Answer with explanation:
We know that when we are given a inverse function as: [tex]f^{-1}(x)[/tex]
Then we find the function by the method:
Put [tex]f^{-1}(x)=y[/tex]
Then we switch the places of x and y and solve for y.
1)
[tex]f^{-1}(x)=\dfrac{2x-3}{5}[/tex]
Hence, we find the function as follows:
[tex]\dfrac{2x-3}{5}=y[/tex]
Then we switch for x and y
[tex]\dfrac{2y-3}{5}=x\\\\\\i.e.\\\\2y-3=5x\\\\\\i.e.\\\\\\2y=5x+3\\\\\\i.e.\\\\\\y=\dfrac{5x+3}{2}[/tex]
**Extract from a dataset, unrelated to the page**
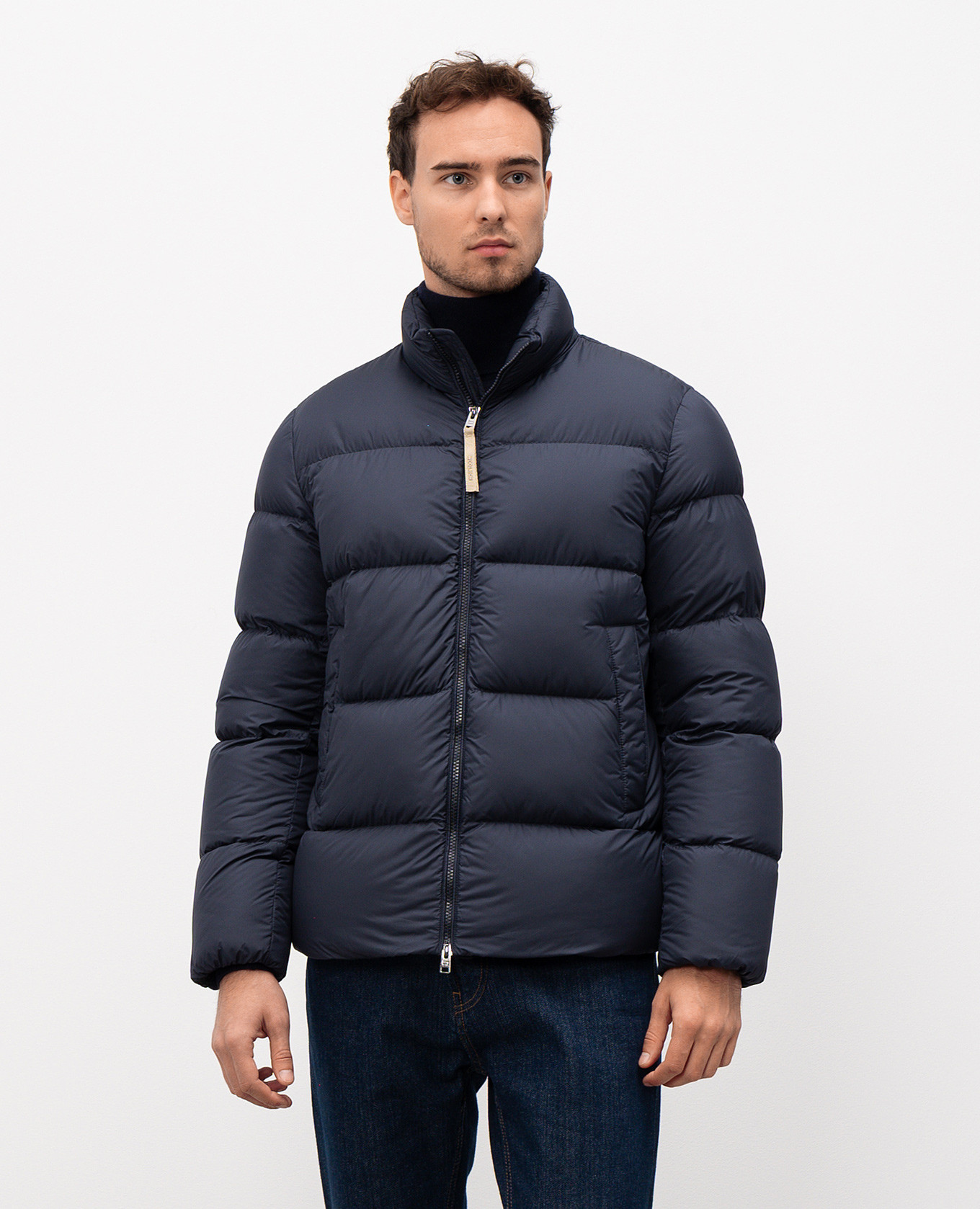 

Blue quilted down jacket Woolrich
Hence, inverse function is:
[tex]f(x)=\dfrac{5x+3}{2}[/tex]
2)
[tex]f^{-1}(x)=\dfrac{x+8}{2}[/tex]
Hence, we find the function as follows:
[tex]\dfrac{x+8}{2}=y[/tex]
Then we switch for x and y
[tex]\dfrac{y+8}{2}=x[/tex]
[tex]y=2x-8[/tex]
Hence, inverse function is:
[tex]f(x)=2x-8[/tex]
3)
[tex]f^{-1}(x)=\dfrac{x+2}{7}[/tex]
Hence, we find the function as follows:
[tex]\dfrac{x+2}{7}=y[/tex]
Then we switch for x and y
[tex]\dfrac{y+2}{7}=x[/tex]
[tex]y=7x-2[/tex]
Hence, inverse function is:
[tex]f(x)=7x-2[/tex]
4)
[tex]f^{-1}(x)=\dfrac{1-2x}{x}[/tex]
Hence, we find the function as follows:
[tex]\dfrac{1-2x}{x}=y[/tex]
Then we switch for x and y
[tex]\dfrac{1-2y}{y}=x[/tex]
i.e.
[tex]1-2y=xy\\\\xy+2y=1\\\\i.e.\\\\y(x+2)=1\\\\y=\dfrac{1}{x+2}[/tex]
Hence, inverse function is:
[tex]f(x)=\dfrac{1}{x+2}[/tex]